Ça en devient une habitude, jamais lassante heureusement, de rester bouche-bée et essuyer ses larmes d'un discret revers de main, une fois le générique de fin affichant "Director : David Simon".
Une fois de plus, ce chirurgien vient découper au scalpel la société américaine, dans un espace et un temps précis. Cet espace et ce temps, sont d'ailleurs les principaux héros de cette série. La Nouvelle-Orléans, post-Katrina, est l'hôte des musiciens hédonistes, des flics ripoux, des politiciens, des promoteurs immobiliers, de la barwoman du coin et de toutes ces vies qui participent à cette grande oeuvre qu'est ce lieu.
Encore une fois, les personnages, d'un réalisme cru, d'une simplicité puissante se démène pour reconstruire leurs vies, pour reconstruire leur ville avec tout l'affect, la force et les souffrances que cela implique. Ici, le temps ne passe pas, il coule et laisse ses marques sur chaque visage, chaque coins de rue, chaque mélodie, chaque vie. Le rapport à celui-ci est différent à La Nouvelle-Orléans, différent de celui imposé par une société américaine qui ne sait plus quoi faire d'autres que de courir après le profit. De ce rapport au temps, retranscrit à merveille par les réalisateurs de la série, se présente une série de rapport à explorer. Comment lier modernité et tradition ? Comment dépasser des traumatismes individuel et collectif ? Comment faire perdurer face à la mort ? Comment vire et rester libre face à ce maître absolu qu'est le temps ?
La musique, le Jazz s'immisce en réponse. Il est partout, tout le temps, comme moyen ou comme fin en soi. Il est l'hymne de la résistance, de ces cultures afro-américaines, indiennes, créoles tentant de résister à l'assaut de la globalisation. Il est un moyen de dépassement des souffrances aussi. La peine circule de coeur à coeur, de trombone à saxophone, lorsqu'une fanfare s'élance. David Simon donne un réel sens à ce mot de communauté. Les souffrances individuelles et collectives s'entrelacent sans cesse. Les joies également.
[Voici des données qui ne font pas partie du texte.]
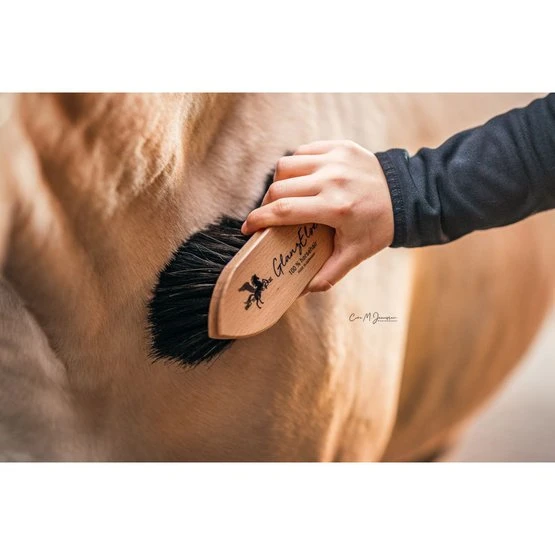 Bense & Eicke Glanzbürste GlanzElse 8 Bense & Eicke Glanzbürste GlanzElse – Bild 6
Cette série n'a pas besoin d'artifices, la réalité brutale contient en elle déjà tout l'émerveillement qu'il nous est possible de voir et ressentir. Bravo à l'ensemble des personnes ayant travaillé sur cette oeuvre. Un grand merci à chaque personne continuant de la diffuser dans des espace et des temps nouveaux, des années après sa clôture.
Je vous souhaite que l'univers de Treme ne vous quitte plus.